Development of a small-animal positron emission tomograph with silicon photomultipliers

Final Activity Report Summary - SiPMPETPisa (Development of a small-animal positron emission tomograph with silicon photomultipliers)

The project consisted of the development of a positron emission tomograph (PET) prototype for small animals, such as rats and mice, for preclinical research. The detector heads of the prototype were composed of continuous LYSO scintillator crystals and silicon photomultipliers (SiPMs) as photodetectors. SiPMs were a new type of photodetectors, also known as Geiger-mode avalanche photodiodes (G-APDs), which had very interesting advantages in comparison to other photodetectors, such as high gain, low operating voltage, fast timing properties, compactness, insensitivity to magnetic fields etc. Hence, SiPMs could greatly improve the performance of existing PET scanners.

This photodetector experienced a fast development in the last years. The ‘Centre for Scientific and Technological Research’, FBK-irst, in collaboration with ‘Istituto Nazionale di Fisica Nucleare’ INFN, produced SiPMs for their use in different applications. The application to PET required the development of two-dimensional arrays, i.e. matrices, of SiPMs in a common substrate which minimised the dead area of the photodetector and provided two-dimensional information of the interaction position of the photons in the crystal.

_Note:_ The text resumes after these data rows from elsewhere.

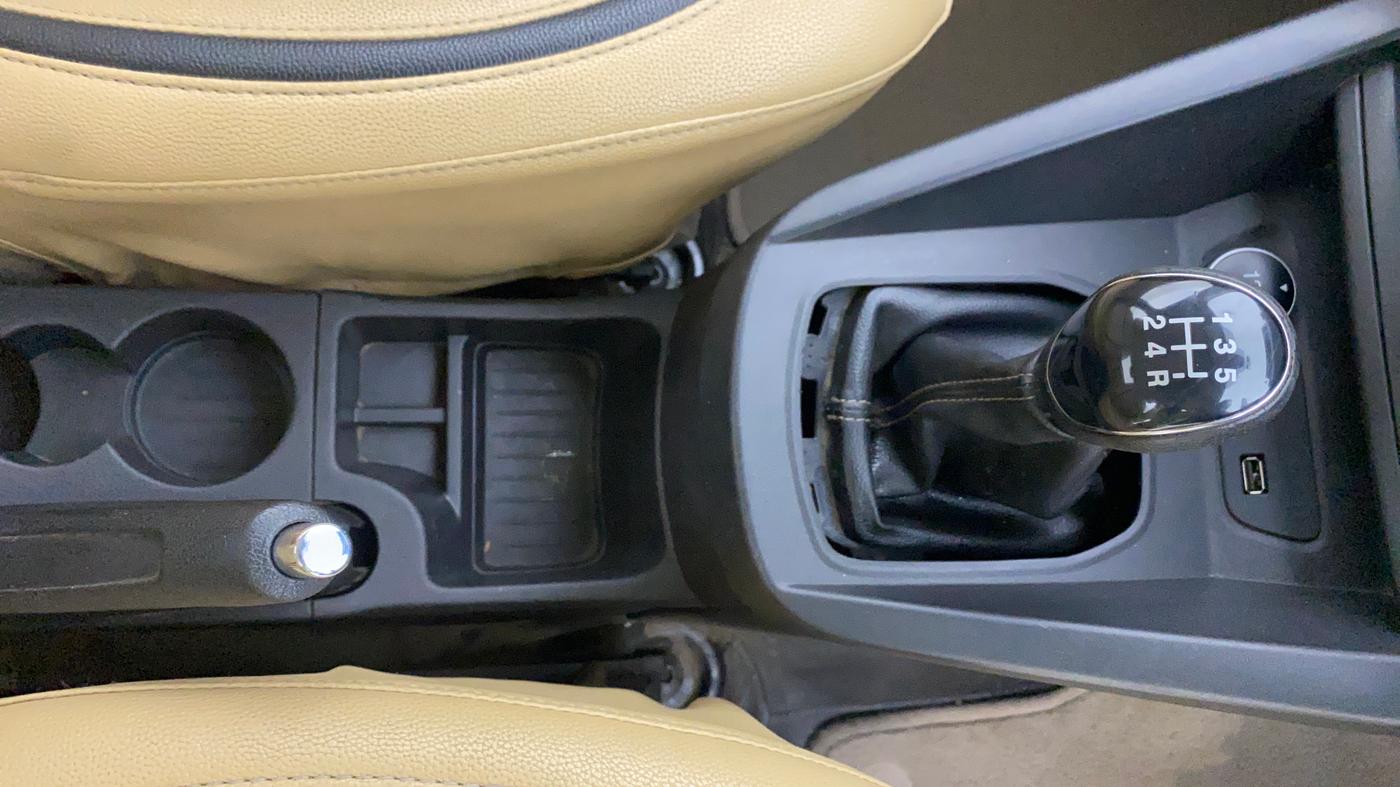 2018 Ford Figo Aspire TITANIUM 1.2 PETROL, Petrol, Manual, 34,425 km, Gear Lever
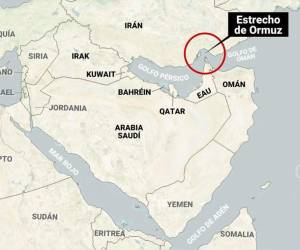 El estrecho de Ormuz se ha convertido en el epicentro del caos tras la escalada bélica, interrumpiendo una de las principales rutas energéticas del mundo y disparando el precio del petróleo.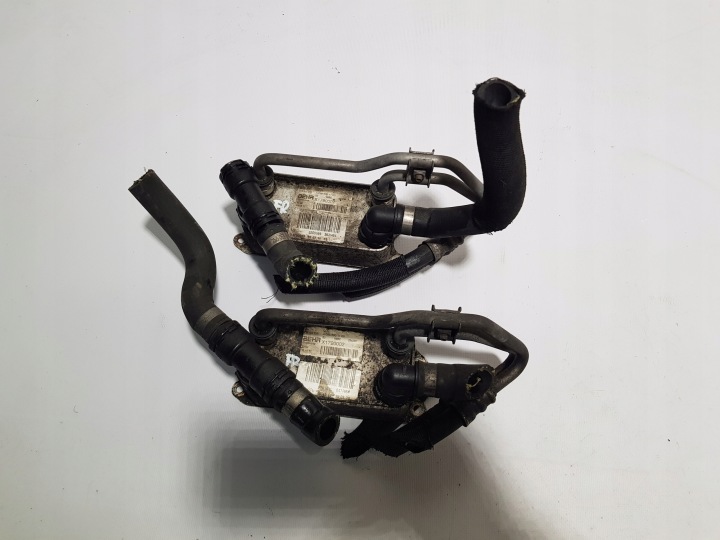 Radiatore olio motore usato MERCEDES W204 W212 W207 0995001100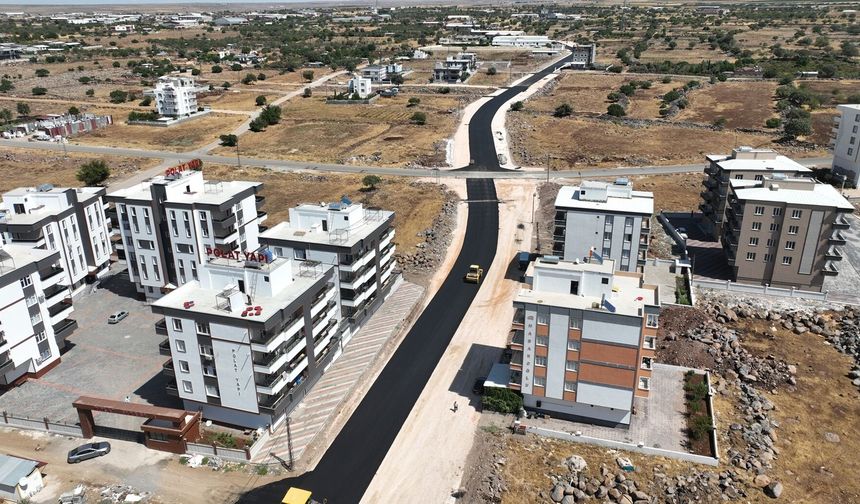 Siverek’te Ramazan Baran Bulvarı Sıcak Asfaltla Yenilendi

The project included the characterisation and evaluation of the different versions of single SiPMs and SiPM matrices produced at FBK-irst, as well as their test with scintillator crystals for PET applications. The matrices were employed in the development of a PET detector head. Two detector heads, operated in coincidence, constituted the first PET tomograph. The characterisation tests that were performed with the SiPM matrices assessed their good performance and the possibility to employ them for PET applications. A first PET detector head was assembled with the first matrices produced, composed of 16, i.e. four times four, SiPM elements of one times one mm size, coupled to a scintillator crystal. Both pixellated and continuous crystals were tested. The pixellated crystals resulted in a spatial resolution of 20 % FWHM at 511 keV and a spatial resolution of 1 mm given by the crystal pitch. The use of continuous crystals yielded an energy resolution of 14% FWHM at 511 keV and a spatial resolution of 0.6 mm full-width at half maximum (FWHM) using centre-of-gravity algorithms to reconstruct the interaction position of the photons in the crystal. The mechanical setup and readout electronics which were necessary for the development of the first prototype were developed and the prototype was assembled and would be tested shortly after the project completion.